A mostra permanecerá em exposição no Louvre até 23 de julho, e depois seguirá para o Metropolitan Museum of Art de Nova York.
OBRAS DO MASP FICARAM DE FORA
Para montar a exposição Delacroix, o Louvre contou com obras de seu próprio acervo e com empréstimos de outros museus franceses e também estrangeiros. Do exterior, vieram obras dos Estados Unidos, Reino Unido, Alemanha, Holanda, Bélgica, Suíça, Hungria, Canadá ou México. As últimas quatro obras pintadas pelo artista, no entanto, estão ausentes da grande retrospectiva. As telas “O outono – Baco e Ariadne”, “O inverno – Juno implora a Eolo a destruição da frota de Enéas”, “A primavera – Eurídice colhendo flores é mordida por uma cobra (A morte de Eurídice)” e “O verão – Diana surpreendida por Acteão”, pintadas entre 1856 e 1863, pertencem desde 1952 ao Museu de Arte de São Paulo (Masp), e não viajaram até Paris.
– Não as trouxemos por questões de custo – explica o curador Sébastien Allard. – E também porque são obras enormes, e temos um espaço limitado na exposição.
O Masp nem chegou a ser consultado pelo Louvre, mas, se fosse o caso, não veria problema em fazer o empréstimo.

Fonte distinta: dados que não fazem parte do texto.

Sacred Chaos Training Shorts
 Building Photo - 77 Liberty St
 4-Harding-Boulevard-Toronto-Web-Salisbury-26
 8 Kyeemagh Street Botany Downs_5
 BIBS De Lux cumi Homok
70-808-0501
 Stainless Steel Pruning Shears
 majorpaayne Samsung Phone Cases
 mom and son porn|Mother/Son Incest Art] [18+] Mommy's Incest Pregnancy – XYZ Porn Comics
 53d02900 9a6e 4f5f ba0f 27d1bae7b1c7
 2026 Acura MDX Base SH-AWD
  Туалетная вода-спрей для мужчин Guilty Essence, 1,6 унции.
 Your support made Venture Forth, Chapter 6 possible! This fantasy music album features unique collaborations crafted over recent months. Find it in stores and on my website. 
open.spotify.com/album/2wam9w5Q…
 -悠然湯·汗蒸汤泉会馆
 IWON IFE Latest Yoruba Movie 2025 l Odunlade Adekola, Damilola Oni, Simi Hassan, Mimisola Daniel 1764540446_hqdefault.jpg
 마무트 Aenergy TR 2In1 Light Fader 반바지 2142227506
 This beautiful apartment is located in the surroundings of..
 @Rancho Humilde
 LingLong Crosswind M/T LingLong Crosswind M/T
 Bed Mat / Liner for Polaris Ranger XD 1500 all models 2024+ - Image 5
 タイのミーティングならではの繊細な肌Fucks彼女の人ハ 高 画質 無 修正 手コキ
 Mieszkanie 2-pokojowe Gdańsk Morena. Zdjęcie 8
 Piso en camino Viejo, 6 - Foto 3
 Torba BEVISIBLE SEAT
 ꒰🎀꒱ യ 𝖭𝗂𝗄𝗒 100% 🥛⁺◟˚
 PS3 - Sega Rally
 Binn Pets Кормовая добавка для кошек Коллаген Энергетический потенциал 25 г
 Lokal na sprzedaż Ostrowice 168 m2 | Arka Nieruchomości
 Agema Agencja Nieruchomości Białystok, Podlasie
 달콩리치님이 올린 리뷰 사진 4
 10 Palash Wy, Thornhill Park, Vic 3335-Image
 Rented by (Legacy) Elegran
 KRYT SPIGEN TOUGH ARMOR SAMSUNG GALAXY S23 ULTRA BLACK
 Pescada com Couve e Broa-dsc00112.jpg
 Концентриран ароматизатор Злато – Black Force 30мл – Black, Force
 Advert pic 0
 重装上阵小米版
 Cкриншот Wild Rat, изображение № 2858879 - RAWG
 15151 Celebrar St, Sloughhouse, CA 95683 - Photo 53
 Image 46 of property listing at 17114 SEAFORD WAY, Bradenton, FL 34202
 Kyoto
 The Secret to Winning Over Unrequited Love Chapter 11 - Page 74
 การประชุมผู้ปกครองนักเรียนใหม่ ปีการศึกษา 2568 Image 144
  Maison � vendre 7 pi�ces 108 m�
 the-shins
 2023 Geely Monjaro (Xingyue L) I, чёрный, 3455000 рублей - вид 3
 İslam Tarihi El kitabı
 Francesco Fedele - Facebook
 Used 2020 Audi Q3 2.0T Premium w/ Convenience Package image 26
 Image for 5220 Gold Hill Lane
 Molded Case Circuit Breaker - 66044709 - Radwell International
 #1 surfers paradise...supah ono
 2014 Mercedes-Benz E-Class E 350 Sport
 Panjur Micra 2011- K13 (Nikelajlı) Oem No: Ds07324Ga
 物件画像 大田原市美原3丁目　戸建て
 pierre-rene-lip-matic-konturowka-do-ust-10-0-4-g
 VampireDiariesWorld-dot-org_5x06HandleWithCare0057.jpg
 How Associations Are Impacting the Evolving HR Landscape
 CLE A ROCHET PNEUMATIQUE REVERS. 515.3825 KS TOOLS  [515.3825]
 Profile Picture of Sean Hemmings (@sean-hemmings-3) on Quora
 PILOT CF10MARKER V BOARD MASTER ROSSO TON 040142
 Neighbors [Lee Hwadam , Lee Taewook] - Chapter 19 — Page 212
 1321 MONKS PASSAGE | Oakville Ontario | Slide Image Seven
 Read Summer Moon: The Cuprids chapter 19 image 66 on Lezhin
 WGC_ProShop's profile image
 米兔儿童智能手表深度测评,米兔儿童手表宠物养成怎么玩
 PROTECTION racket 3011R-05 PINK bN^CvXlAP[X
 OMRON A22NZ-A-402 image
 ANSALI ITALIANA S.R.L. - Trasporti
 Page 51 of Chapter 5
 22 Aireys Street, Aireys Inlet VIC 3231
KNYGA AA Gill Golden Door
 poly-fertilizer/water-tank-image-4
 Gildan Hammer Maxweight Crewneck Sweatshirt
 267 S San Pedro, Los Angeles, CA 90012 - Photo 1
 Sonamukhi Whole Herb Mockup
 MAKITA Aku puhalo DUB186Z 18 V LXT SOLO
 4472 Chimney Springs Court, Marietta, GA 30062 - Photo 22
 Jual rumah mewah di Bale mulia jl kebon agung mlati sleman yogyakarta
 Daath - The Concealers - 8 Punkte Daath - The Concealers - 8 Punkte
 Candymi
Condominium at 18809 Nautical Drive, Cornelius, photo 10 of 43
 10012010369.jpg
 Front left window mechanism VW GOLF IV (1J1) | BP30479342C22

O também curador Côme Fabre acrescenta outro motivo ao impedimento:
– Elas medem quase dois metros de altura, e colocá-las no avião desde São Paulo até Paris seria um tanto perigoso para as próprias obras. Mas pensamos realmente em trazê-las, pois são telas que perseguiram Delacroix por muito tempo, e ainda estavam em seu atelier quando morreu.
Os quadros, de 197,5cm x 166cm de dimensão, foram uma encomenda do rico industrial e colecionador de arte Frédéric Hartmann (1822-1880) sobre o tema das quatro estações, e permaneceram inacabados por Delacroix.
Para Allard, o tema é apenas um pretexto para a pintura:
– Vemos nestas telas suas formas coloridas, que não estão totalmente finalizadas. Delacroix está mais velho e cansado, mas há uma forma de essência da pintura nestes quadros. O tema passa em segundo plano em relação à pintura. Ele alcança algo essencial, e um certo tipo de abstração, um pouco como o último Picasso.